L’adaptation de la technologie RTM (Resin Transfer Molding) aux matrices thermoplastiques (TP) est un enjeu majeur pour l’industrie aéronautique et automobile depuis plusieurs années. Ces matériaux sont activement recherchés au détriment des matrices thermodurcissables (TD) traditionnelles du fait de leur plus grande ténacité, de leur intérêt écologique supposé (développement durable et recyclage en fin de vie), de leur potentialité à réduire le cycle de mise en œuvre (donc une plus grande capacité de production) et de leur capacité de soudage.
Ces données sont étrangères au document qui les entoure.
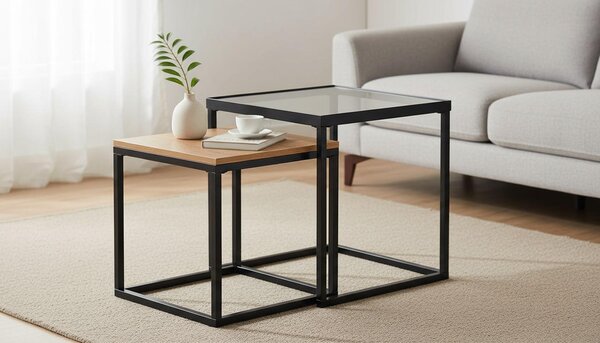 SADA KONFERENČNÝCH STOLÍKOV, číra, čierna, farba duba, kov, sklo, kompozitné drevo, 40/48/40/48/40/48 cm Xora - Stolíky do obývačky, Online Only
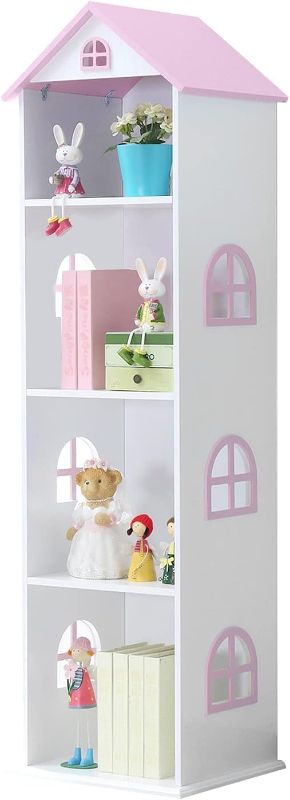 Photo 1 of 
Kids Dollhouse Bookcase 4 Layers Children's Wooden Bookshelf Display Storage Rack Units Organizer for Child's Bedroom Playroom Nursery Kindergarten...
Style:Pink-2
Le projet ANR RTMPlast vise donc à développer un nouveau procédé de mise en œuvre RTM de pièces composites à matrice TP et à fibres longues. Ce programme scientifique pluridisciplinaire, piloté par le Laboratoire de Thermocinétique de Nantes (LTN), regroupe plusieurs partenaires industriels et académiques : ARKEMA, EADS IW, le Pôle de Plasturgie de l’Est, le LTN (UMR 6607), le GeM (UMR 6183), le LOMC (UMR 6294), l’IMP (UMR 5223) et le PBS (UMR 6270). Ce projet propose différentes études portant sur la thermique (contrôle du cycle de mise en œuvre), la résolution de modèles numériques ou encore le développement d’un outillage démonstrateur industriel et d’instrumentations non intrusives permettant le suivi en temps réel et in situ des différentes étapes de mise en forme (remplissage, polymérisation et cristallisation) ainsi qu’un volet chimique.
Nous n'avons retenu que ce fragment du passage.